Two weeks before Moscow’s City Duma elections in early September, messages started circulating on social media soliciting “tough guys” for participation in a demonstration. The phone number mentioned in the ad was linked to a Telegram account registered to Alexander Fogel, a small-time actor who last surfaced publicly when he spoke in support of Mayor Sergey Sobyanin’s controversial renovations program at public hearings in May 2019.
“If you need out-of-control guys, then they’ll be out of control,” Fogel told Meduza’s correspondent, who called him, posing as a potential client. “There are [sports] fans, and I hire them when I’m asked for aggressive [guys]. I have an arrangement. You want to throw down a little pressure? These sports fans are perfect for some shoving and kicking.” Fogel also told Meduza that he recruits youths from four sources: a sports group, an anarchist society, historical reenactors (mainly Cossack and White Guard enthusiasts), and a “funny little group” that wants to resurrect the USSR.

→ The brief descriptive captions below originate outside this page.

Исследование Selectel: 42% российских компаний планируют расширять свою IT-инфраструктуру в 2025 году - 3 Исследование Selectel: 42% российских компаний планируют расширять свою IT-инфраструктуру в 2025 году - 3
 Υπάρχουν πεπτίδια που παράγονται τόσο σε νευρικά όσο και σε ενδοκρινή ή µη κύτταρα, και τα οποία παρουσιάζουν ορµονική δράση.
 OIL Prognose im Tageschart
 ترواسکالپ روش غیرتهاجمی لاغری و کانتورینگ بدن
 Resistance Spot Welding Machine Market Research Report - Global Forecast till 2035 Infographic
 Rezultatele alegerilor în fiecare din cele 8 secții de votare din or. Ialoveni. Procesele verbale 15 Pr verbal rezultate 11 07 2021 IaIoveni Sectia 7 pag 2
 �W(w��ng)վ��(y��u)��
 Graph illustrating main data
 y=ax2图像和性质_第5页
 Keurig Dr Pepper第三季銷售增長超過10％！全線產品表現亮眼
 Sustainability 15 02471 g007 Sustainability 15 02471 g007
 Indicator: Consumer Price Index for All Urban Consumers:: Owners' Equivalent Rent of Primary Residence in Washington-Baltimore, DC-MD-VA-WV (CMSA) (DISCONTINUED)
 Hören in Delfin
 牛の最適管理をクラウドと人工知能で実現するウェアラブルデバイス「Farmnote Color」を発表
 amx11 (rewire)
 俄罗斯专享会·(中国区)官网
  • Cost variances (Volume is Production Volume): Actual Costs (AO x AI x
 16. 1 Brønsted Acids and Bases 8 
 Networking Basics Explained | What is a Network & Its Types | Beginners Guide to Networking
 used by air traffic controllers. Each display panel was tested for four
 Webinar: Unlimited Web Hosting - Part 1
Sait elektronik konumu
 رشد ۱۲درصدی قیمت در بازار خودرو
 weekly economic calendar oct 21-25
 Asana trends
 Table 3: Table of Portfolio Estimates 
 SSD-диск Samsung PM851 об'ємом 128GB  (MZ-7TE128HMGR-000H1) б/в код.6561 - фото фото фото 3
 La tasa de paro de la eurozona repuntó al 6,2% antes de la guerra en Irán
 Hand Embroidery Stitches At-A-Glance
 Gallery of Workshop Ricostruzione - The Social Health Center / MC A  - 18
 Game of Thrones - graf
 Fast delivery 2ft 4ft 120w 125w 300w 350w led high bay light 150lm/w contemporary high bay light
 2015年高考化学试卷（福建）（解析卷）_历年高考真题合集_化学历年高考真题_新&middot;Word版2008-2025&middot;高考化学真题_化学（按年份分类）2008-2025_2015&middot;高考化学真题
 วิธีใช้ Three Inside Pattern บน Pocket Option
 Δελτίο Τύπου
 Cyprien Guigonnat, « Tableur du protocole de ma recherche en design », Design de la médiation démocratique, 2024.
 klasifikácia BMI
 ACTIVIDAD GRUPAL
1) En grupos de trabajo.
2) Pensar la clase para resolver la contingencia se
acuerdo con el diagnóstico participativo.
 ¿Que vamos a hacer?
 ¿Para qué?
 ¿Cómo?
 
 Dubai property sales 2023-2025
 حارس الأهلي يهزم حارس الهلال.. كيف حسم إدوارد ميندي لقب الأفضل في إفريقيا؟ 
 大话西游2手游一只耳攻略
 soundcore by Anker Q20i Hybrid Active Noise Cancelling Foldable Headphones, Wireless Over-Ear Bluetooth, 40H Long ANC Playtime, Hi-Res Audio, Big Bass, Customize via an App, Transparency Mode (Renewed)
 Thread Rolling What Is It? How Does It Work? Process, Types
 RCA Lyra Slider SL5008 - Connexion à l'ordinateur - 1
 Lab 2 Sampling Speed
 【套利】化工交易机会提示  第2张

Meduza’s correspondent arranged for a demonstration of 100 people “ready to use force” for 200,000 rubles ($3,140) — far less than what many sources said it would cost (probably because there was no request for any specific violent acts).
Political strategists in Moscow and St. Petersburg told Meduza that demonstrations involving the use of brute force typically cost between 30,000 and 50,000 rubles ($470 and $785) per person, with half or more of the money going to organizers and just a fraction reaching the actual thugs.
Those who recruit young men for these “actions” often dispatch them from one city to another, to make it harder for locals to identify them, sources told Meduza.
Mikhail Ochkin, a political strategist who’s worked with ultra-right organizations and heads the “National Conservative Movement” (and who tried to disrupt an LGBTQ film festival this July), says he was approached by representatives of Igor Altushkin, the head of the “Russian Copper Company,” which co-sponsored the construction of a cathedral in Yekaterinburg earlier this year that led to mass protests (because locals didn’t want to lose one of the city’s few remaining public parks). Ochkin says he urged Altushkin’s people to seek a compromise with demonstrators, but they “went another way” and supposedly hired “ultra-religious athletes” from the Forty Times Forty movement.
Yekaterinburg isn’t Russia’s only city to flirt with hired thugs, of course. Six sources, including some with ties to City Hall and the police, told Meduza that the Moscow Mayor’s Office tried to recruit some of the city’s “patriotic associations” for a new anti-opposition youth organization modeled on the once prominent pro-Kremlin group “Nashi.”
Nashi used to be considered a radical organization, but the political strategists who cut their teeth fighting in eastern Ukraine are even more comfortable with the use of force, sources told Meduza. One man who worked in the Donbas, having started his career as a strategist in South Ossetia during the 2008 war, describes his attitude about acts of political violence in the following terms: “We’re not political strategists working with the enforcers. We are the enforcers.”